That was what I needed to hear. All that anxiety, it comes from a desire to control the situation. In class, I admittedly feel out of control. I'm at the mercy of the heat, the teacher, my body, my mind. But that doesn't matter, right? And it's probably not even true. We are at no one's mercy. We're just in the room, doing a well thought-out set of postures that will help, not hurt. Worrying that I'm out of control is just a sign that I'm obsessed about being in control. And what a pipe dream that is!

Once again, I've written a wants vs. needs post. It's a constant struggle to let go of the wants, the expectations. But we have to try and trust that the need will be met. It has to.

Wednesday, March 17, 2010

A not-so-seductive wake-up call

It's said that by the time we're 75 years old, 22 years of our lives will have been spent in slumber. (I hope ya'll have pleasant dreams!)

But how much of that "awake time" are we actually awake, alert, present? There is a variety of ways we can be asleep. We can engage in "avoidance behaviors"--obsessive cleaning, watching TV, blogging, and indulging in our drug of choice that takes us away from the moment.

A friend and former (forever?) professor recently gave a great talk at our campus. He read from his book Tex[t] Mex: Seductive Hallucinations of the "Mexican" in America. The "seductive" part of the equation is the collection of images and stereotypes present in the media that are unconsciously engrained in our psyches as we grow up.

We typically don't think of stereotypes and generalizations as seductive. But think about it: we see a representation of an Asian American as the class math genius on TV, or the hoop-shooting African American in the movie. Our brains tend to go, "well, that's just normal."

In this, we are dreaming--or nightmaring! Dr. William Nericcio explains what occurs as we drink in these images day in and day out:

"In my nightmare, Speedy Gonzales hands me his hat and calmly wraps his red bandana around my neck. And I like it."

He continues analyzing his nightmare, admitting he's drawn to it, before calling on us to "Wake up" (208-09). 

As Nericcio dreamily accepts the quintessential emblems of "the Mexican" from that "innocent cartoon" mouse Speedy, we typically accept the representations of culture, religion, race, sexuality, day in and day out without questioning. Generalizations and stereotypes help us "make sense" of our surroundings. They reinforce our world views. But they are also hallucinations because they're not real. Stereotypes are erroneous collections of assumptions that prevent us from connecting to the world.

So, how the heck does yoga figure into all of this? Well, I don't think I've seen a yogi blogger who hasn't touched on its power to strip away the layers. In the hot room, our minds' iron grip on what should be--even, I think, on gender, age, race, and culture--slowly melts away.

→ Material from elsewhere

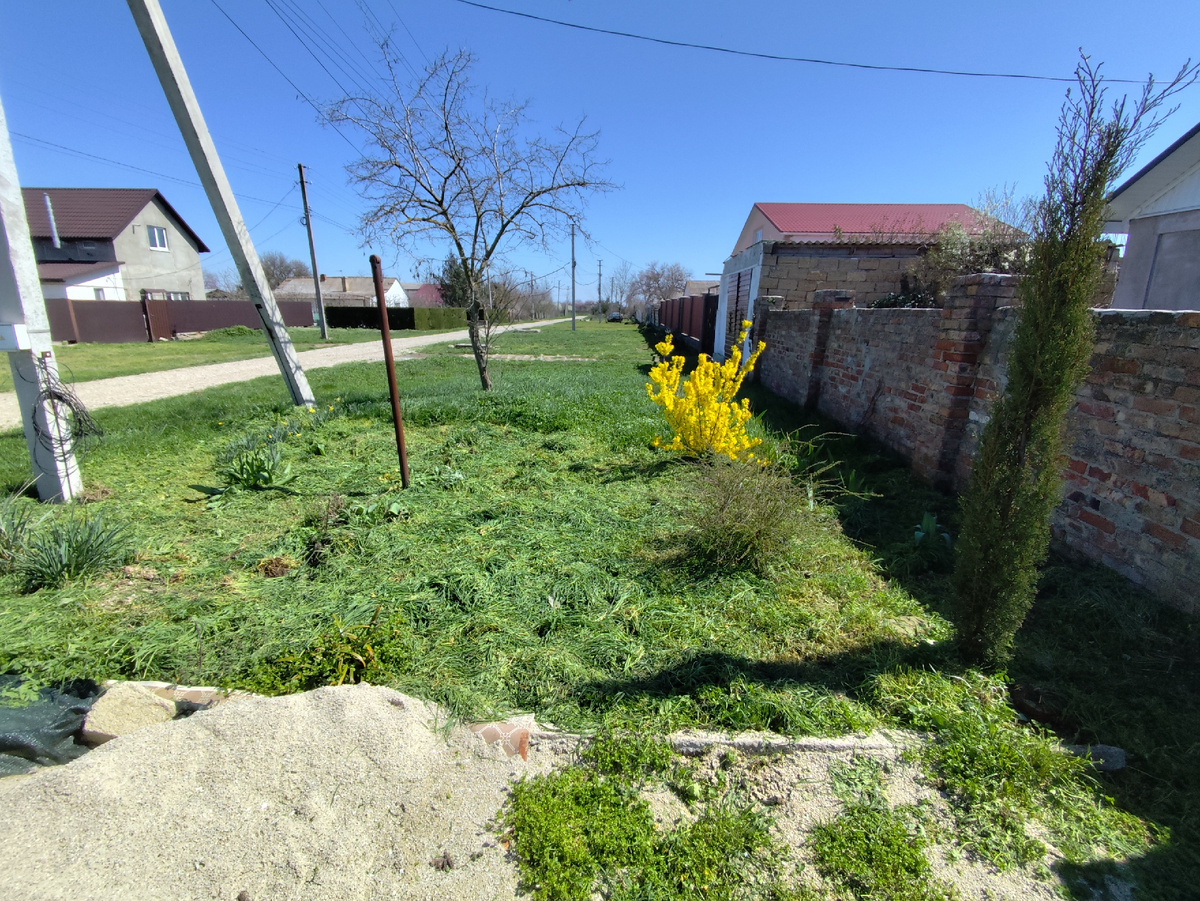 За два с небольшим часа половину осилила.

These hallucinations gradually disappear as we sit into awkward pose's uncomfortable chair. The expectations of what we should be able to do, of what the pose should look like, must be put aside. Or we go crazy, right? That's when we fall down. That's when we stop breathing. Been practicing for a year? Still can't lock the goddamn knee? The response to that should be "No problem." The "you should be able to do X" is just another seductive hallucination that needs the bright light of day to pierce through it.

Case in point: I'm 28 years old. I've been practicing Bikram yoga for almost a year now, Ashtanga for years before that. The seductive hallucination is an image of me, in perfect standing head-to-knee pose, knees beautifully locked, forehead rounding down. I dream that! That's what's "normal" to me. But it's not the reality for me. That's not the present.

The temptation is to use age, length of practice, etc as a scale for judging ourselves in yoga, in the same way we use race or culture or religion or sexuality to judge others after class. Yoga helps us strip away all those layers. It's hard. We resist. But we should continue working at it.

Maybe the connection here is tenuous. Today, I don't think so. We need to shine a bright light on those hallucinations. Otherwise, they will continue to have power.

We need to wake up!

For more information on Nericcio and his cool read, check out his blog here.

*If you wonder what the heck I'm doing referencing all this academic stuff, I blame The Dancing J's and Japanese Ham Sandwich's latest posts for opening wide that door ;-) How could I not waltz right through??  

Monday, March 15, 2010

Feet and Feldenkrais

I've been thinking about feet lately.

There are a lot of references in the Bikram dialogue to feet--"flex your toes," "grip the floor," "stand with the heels and toes touching," to say nothing of the so-called Bikram stigmata we regulars sport proudly. The feet matter, but I think they often get overlooked. I've been trying to be a little more aware of them lately.

To help with this, I've been painting my toenails, and not just because I live in San Diego and spring is pretty much already here. While I have never gotten a "mani-pedi" or been the kind of girl to spend a lot of time on hair or makeup, I spend so much time contemplating my toenails in yoga that I figured I might as well give myself something to look at. 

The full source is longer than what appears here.